◆ Raw data:
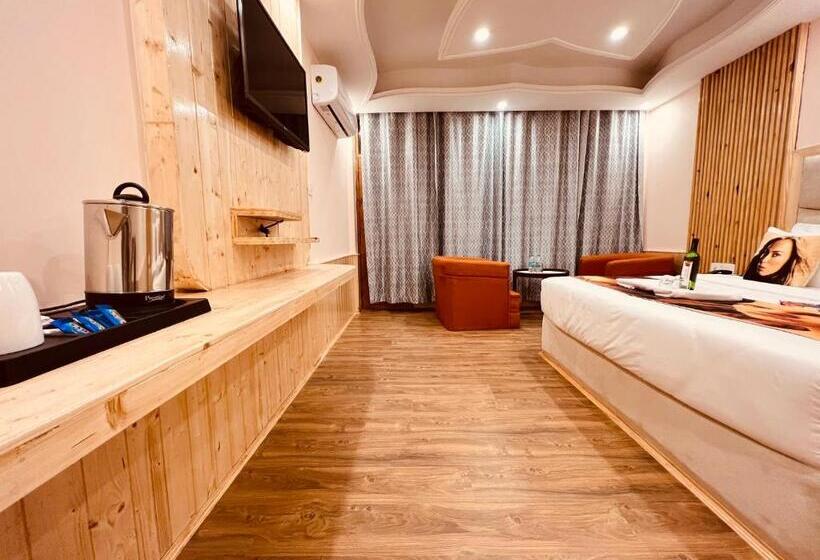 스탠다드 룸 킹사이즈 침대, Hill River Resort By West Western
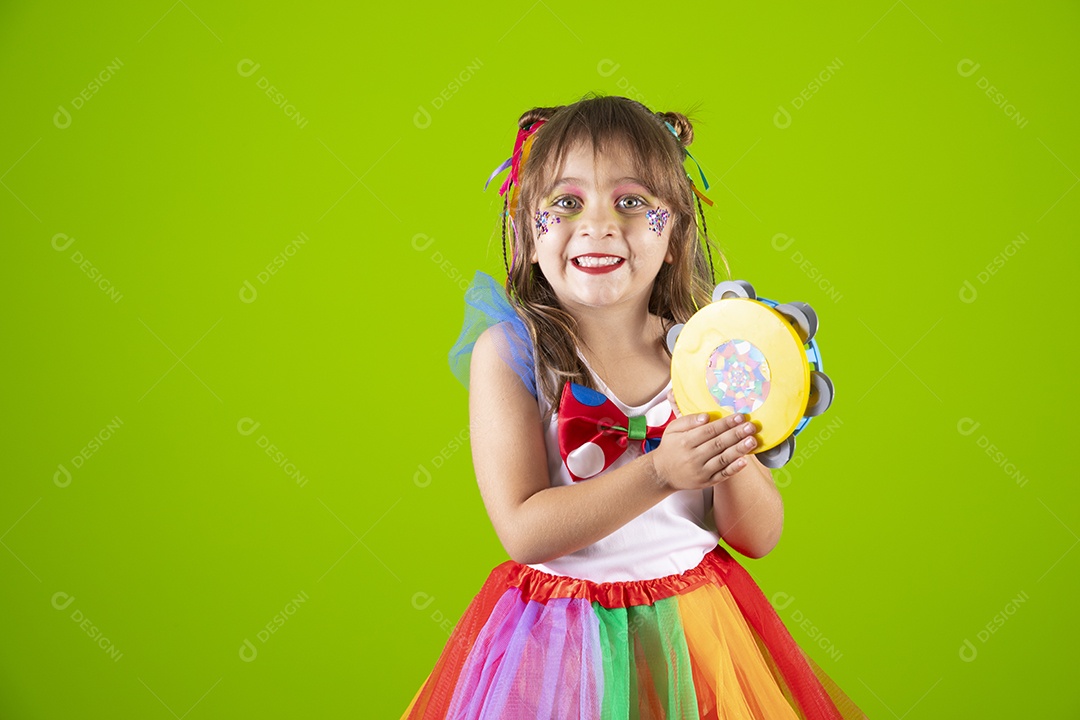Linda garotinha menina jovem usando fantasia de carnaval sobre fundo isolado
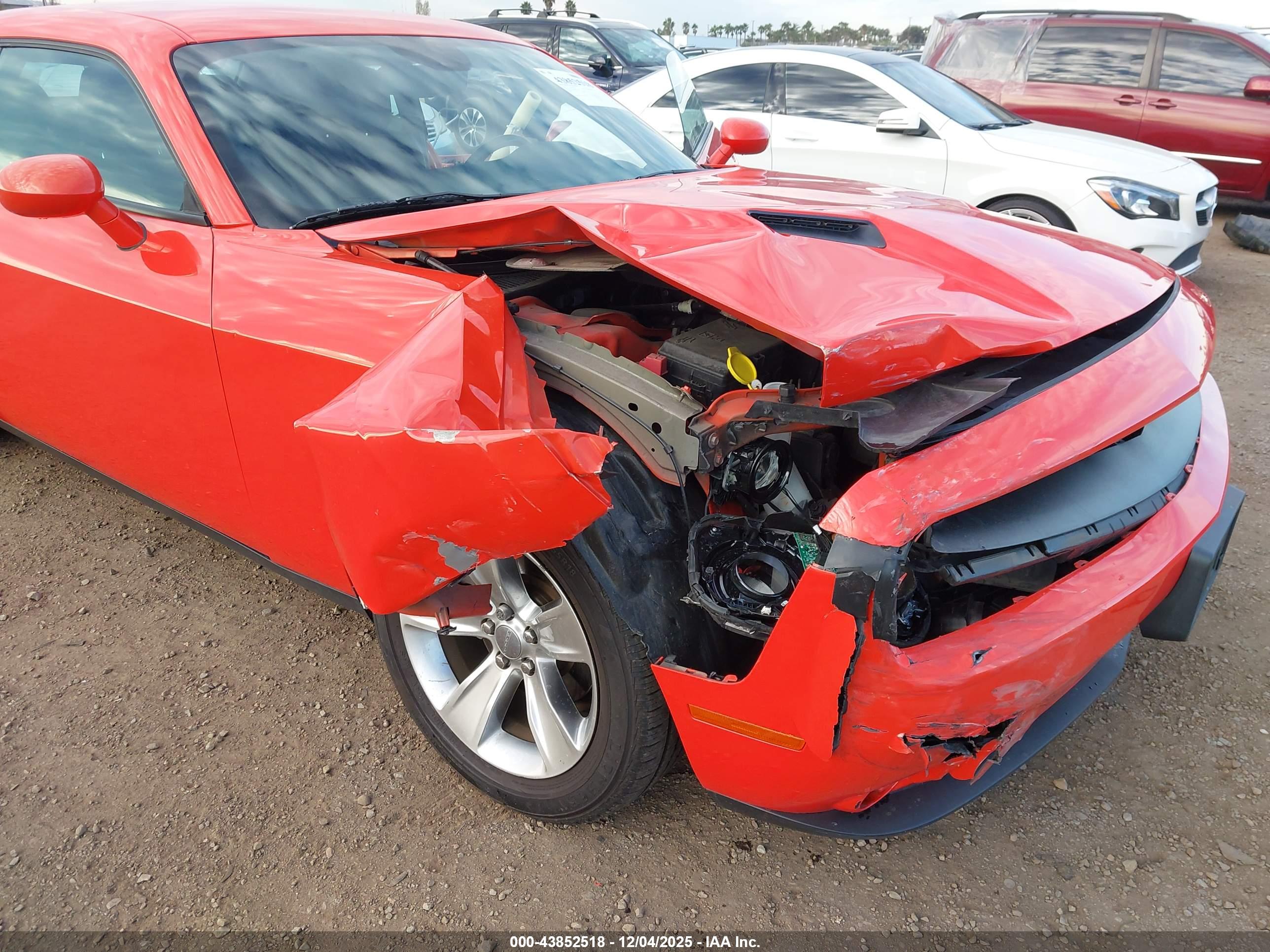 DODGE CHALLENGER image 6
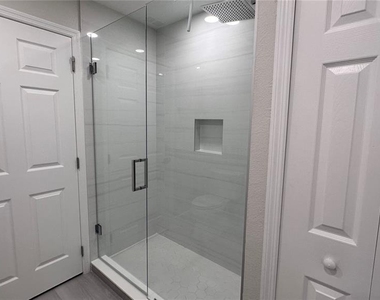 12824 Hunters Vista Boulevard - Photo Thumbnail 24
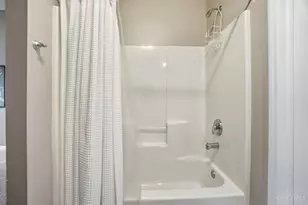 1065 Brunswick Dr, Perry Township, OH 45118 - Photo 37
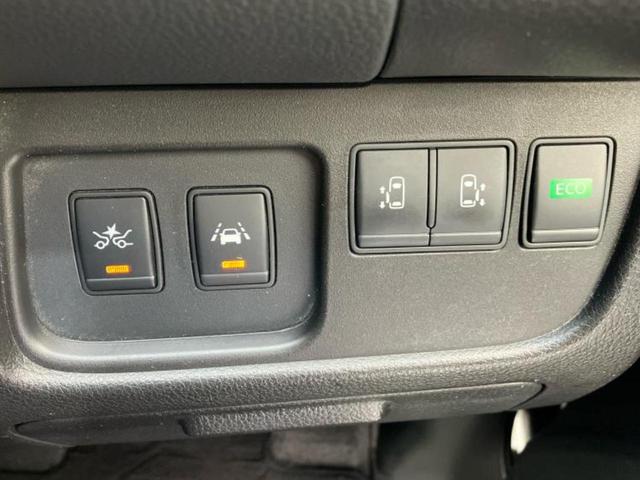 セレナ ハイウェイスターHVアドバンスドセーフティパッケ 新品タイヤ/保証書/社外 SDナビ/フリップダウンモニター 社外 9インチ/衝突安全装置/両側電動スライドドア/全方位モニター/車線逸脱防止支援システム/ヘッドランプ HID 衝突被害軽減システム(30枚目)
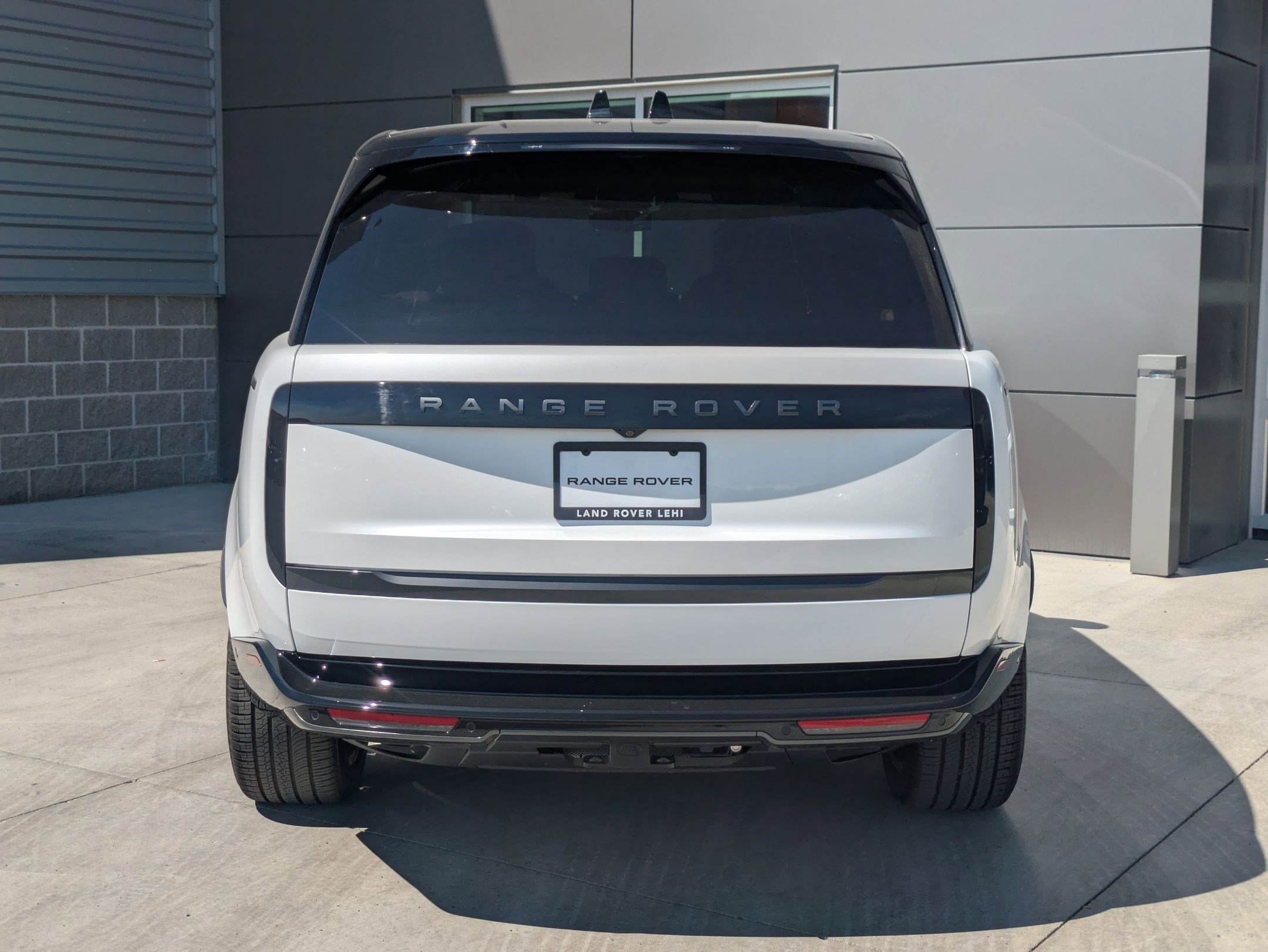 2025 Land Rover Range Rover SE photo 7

==

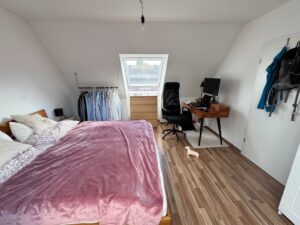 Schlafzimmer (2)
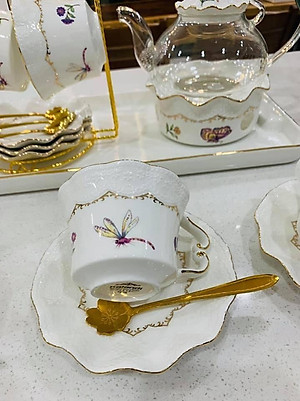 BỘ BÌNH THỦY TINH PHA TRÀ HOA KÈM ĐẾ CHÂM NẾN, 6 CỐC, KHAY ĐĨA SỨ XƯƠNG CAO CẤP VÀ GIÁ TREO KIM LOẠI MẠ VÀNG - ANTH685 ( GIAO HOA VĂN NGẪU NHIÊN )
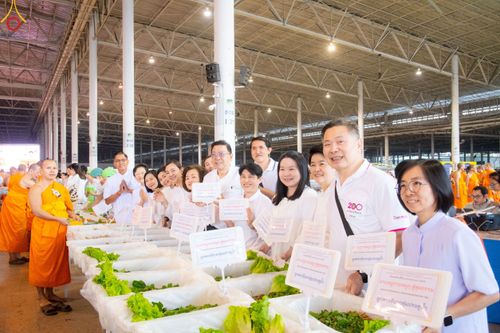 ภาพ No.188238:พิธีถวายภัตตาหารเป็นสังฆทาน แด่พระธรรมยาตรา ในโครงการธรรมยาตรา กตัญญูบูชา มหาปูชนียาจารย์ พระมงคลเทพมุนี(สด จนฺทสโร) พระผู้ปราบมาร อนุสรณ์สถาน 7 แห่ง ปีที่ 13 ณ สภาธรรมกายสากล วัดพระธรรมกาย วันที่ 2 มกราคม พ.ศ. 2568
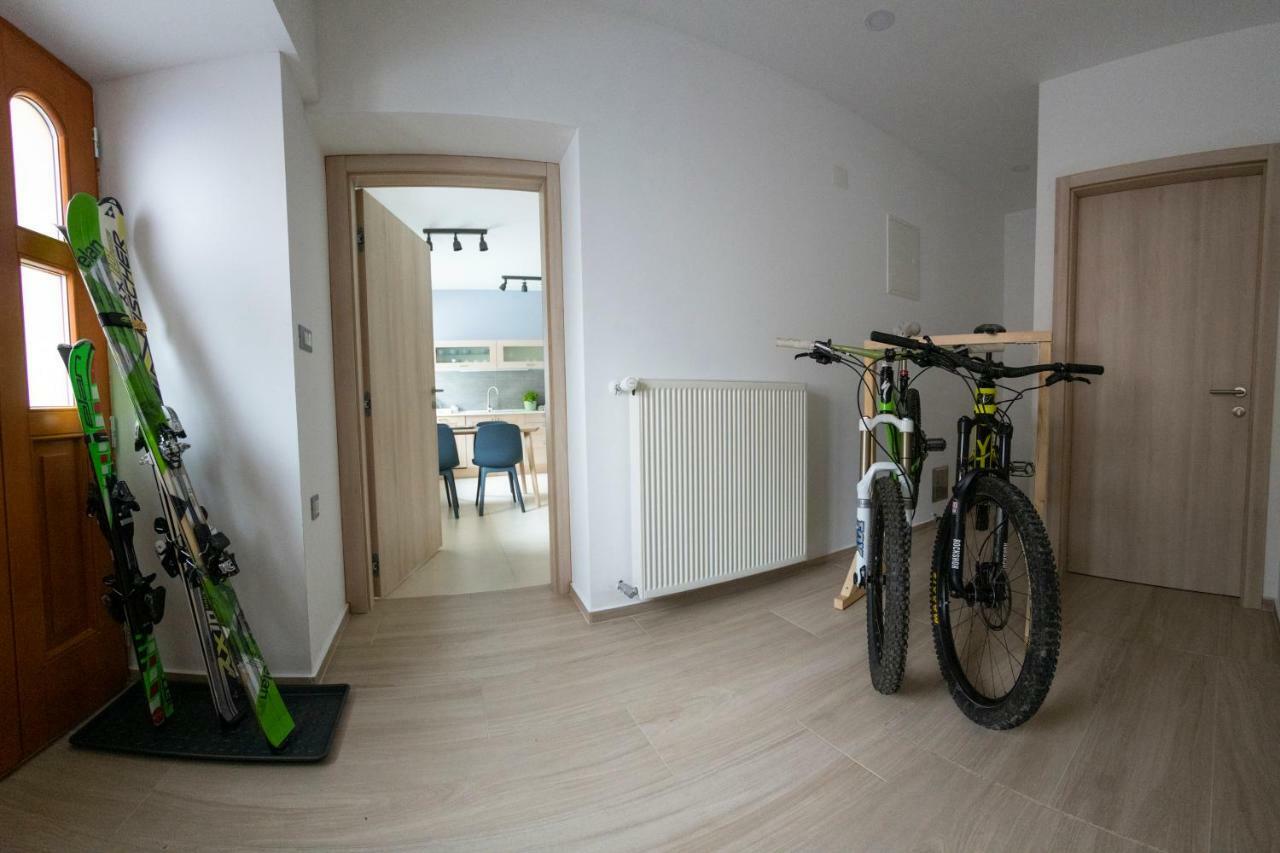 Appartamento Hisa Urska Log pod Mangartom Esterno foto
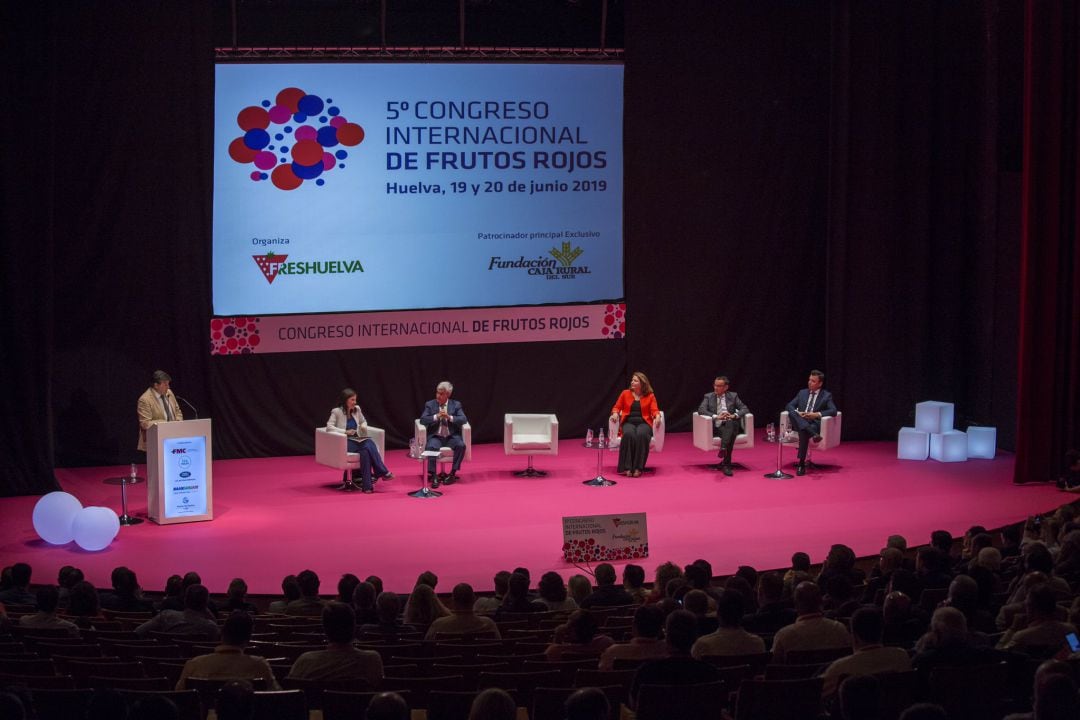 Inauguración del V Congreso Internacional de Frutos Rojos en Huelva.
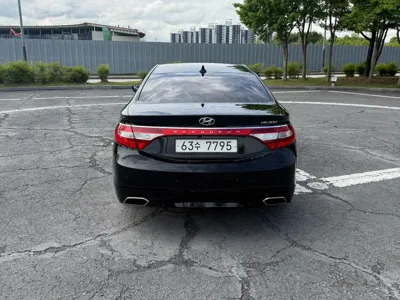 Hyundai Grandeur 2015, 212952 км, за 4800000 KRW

◆ Brief: Nothing outside the stretch above, from the line with "12824 Hunters Vista" through the line with "2025 Land Rover Range Rover SE photo 7", is set down. Transcribe that stretch exactly, ends included, but not its pictures.

◆ Exercise solution:
 12824 Hunters Vista Boulevard - Photo Thumbnail 24
 1065 Brunswick Dr, Perry Township, OH 45118 - Photo 37
 セレナ ハイウェイスターHVアドバンスドセーフティパッケ 新品タイヤ/保証書/社外 SDナビ/フリップダウンモニター 社外 9インチ/衝突安全装置/両側電動スライドドア/全方位モニター/車線逸脱防止支援システム/ヘッドランプ HID 衝突被害軽減システム(30枚目)
 2025 Land Rover Range Rover SE photo 7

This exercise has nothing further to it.